Uma coisa parece clara: quem quer que promova a informação através de mecanismos filtrados e associados a amplificadores ou amortecedores, está a prestar um péssimo serviço público. Muito provavelmente está até a prestar um mau serviço áqueles para quem possa querer servir de amplificador.

Os Discursos e a Nossa Orientação de Voto

Será que conhecer e analisar os programas e as opiniões dos líderes dos diferentes partidos é o melhor caminho para decidir pela nossa orientação de voto? Ou será que devemos é votar nos “nossos” independentemente do que pensam, dizem ou fazem?

Acreditando que o voto é uma forma de escolher, concordaremos que vale a pena analisar o discurso dos diferentes partidos e dos seus líderes. É verdade que o discurso em si é apenas um dos elementos a tomar em consideração. Observar as práticas pode ser um elemento tão ou mais importante que analisar o discurso. Práticas na maneira como os “discursadores” se comportam, ou forma como as disputas pela liderança se processam, ou ainda na forma como assuntos de interesse colectivo são geridos. Cada um de nós vai fazendo isso na medida das suas possibilidades de acesso a informação. Mas, parece evidente que entramos aqui num terreno movediço onde a comunicação social joga um papel central pelo poder que tem de mostrar a realidade ou de inventar “realidades” para induzir o nosso pensamento e comportamento.

Concentrarmo-nos no discurso que é exibido – pois, também existe discurso que é ocultado…- pode ser o caminho mais seguro. Pelo menos para começar. E é esse o exercício em que me concentrarei neste espaço.

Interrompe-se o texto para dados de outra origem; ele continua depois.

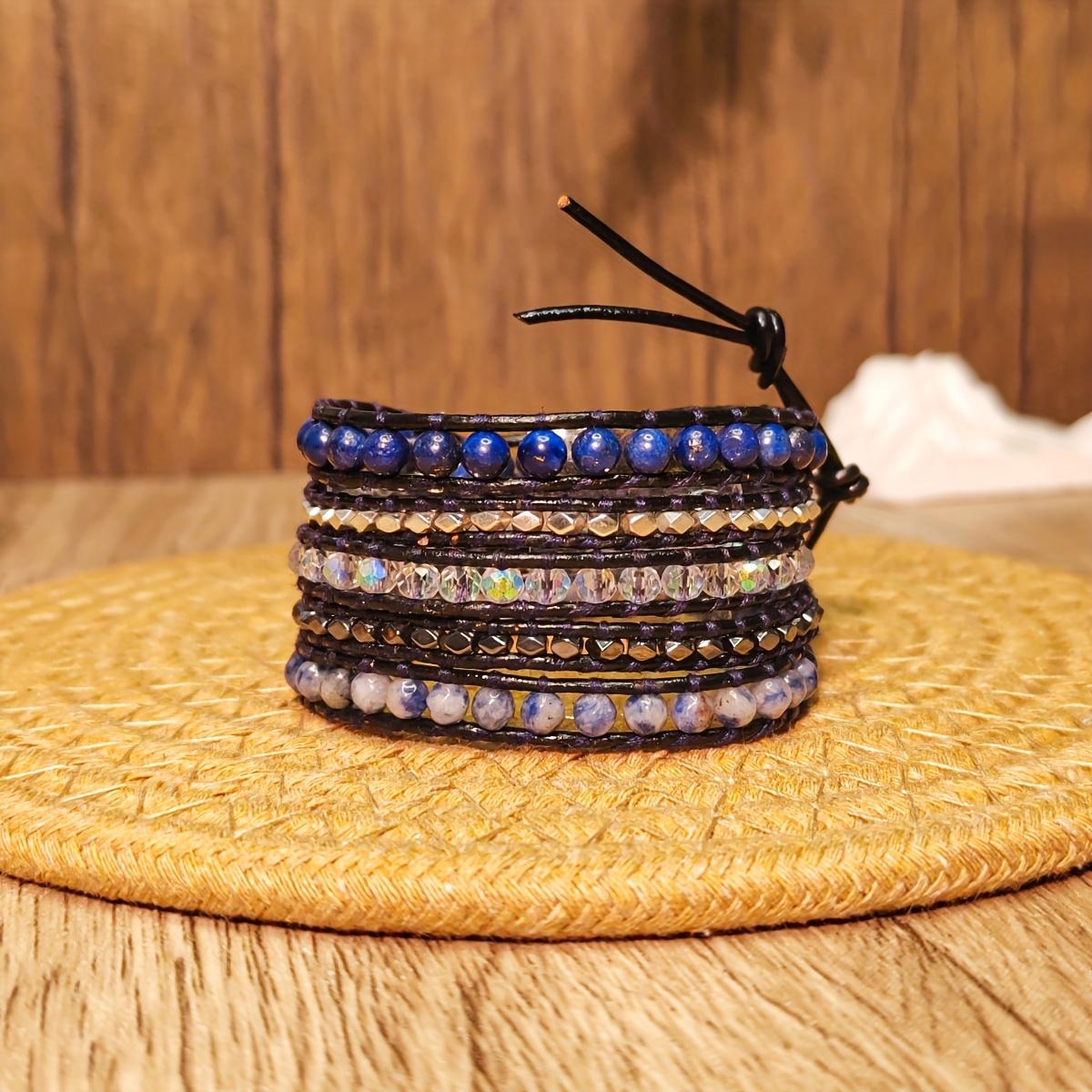 

Богемный стиль натуральный лазурит, плетеный вручную пятислойный браслет, подходит для повседневной носки женщинам, для отпуска или в качестве подарка для семьи и друзей Five-layer lapis lazuli bracelet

Estou a assumir que é fundamental que os líderes e os partidos apresentem publicamente o que é a sua visão sobre o que o futuro do país e a formar que pensam exercer o poder se lhes for dado esse mandato. Normalmente esta visão do futuro, e os planos de cada partido deveriam estar assentes nos valores, nas prioridades e na análise que fazem do que são as necessidades de Angola. Permitam-me um parêntesis para dizer que nesse sentido é bastante surpreendente ouvir Luís dos Passos exprimir que não apresenta ainda o seu programa por aguardar que os outros o façam primeiro… a lógica, se entendi bem, e se existe alguma, estaria em evitar sobreposições com propostas a serem feitas pelos outros partidos. Mas, será que o programa de um partido tem de ser diferente, em tudo, de todos os outros programas? No caso de Angola, temos, como os leitores já devem estar a ver, um problema óbvio. Com um número de partidos tão elevado é provavelmente impossível formular-se um tão elevado número de abordagens alternativas e que não tenha qualquer tipo de sobreposição. Ou seja, parece que a nível do discurso – é disso que estamos aqui a tratar -, é inevitável que alguns dos partidos acabem por defender opções semelhantes em alguns aspectos.

Para além das ideias defendidas pelos partidos poderá ser interessante para nós, eleitores, explorarmos os processos internos dos partidos para chegar até elas. O foco é normalmente sobre as ideias publicamente expressas – que nem sempre são ideias que na prática se defende. Estou a assumir que um partido forte deverá ter a capacidade de criar o ambiente interno para que os seus membros participem na construção das opções que são depois apresentadas pelas lideranças aos eleitores. Neste espaço tentarei servir os leitores, contribuindo com elementos para que possam fazer a sua análise. O nosso grande desafio, que nós que termos de escolher teremos de enfrentar, é de conseguirmos encontrar os sinais que distinguem o discurso que é expressão de valores e reais opções, do outro que é apenas engodo caçar votos.

Santos a fazerem política?

Num meio tolerante em relação à batota e aos batoteiros é natural que acabem por ascender e chegar ao topo os cinturões negros da arte (não marcial) de pregar rasteiras, dar golpes baixos e fazer batota. Não será sequer justo criticar ninguém em particular por isso acontecer. Temos apenas de assumir que é assim.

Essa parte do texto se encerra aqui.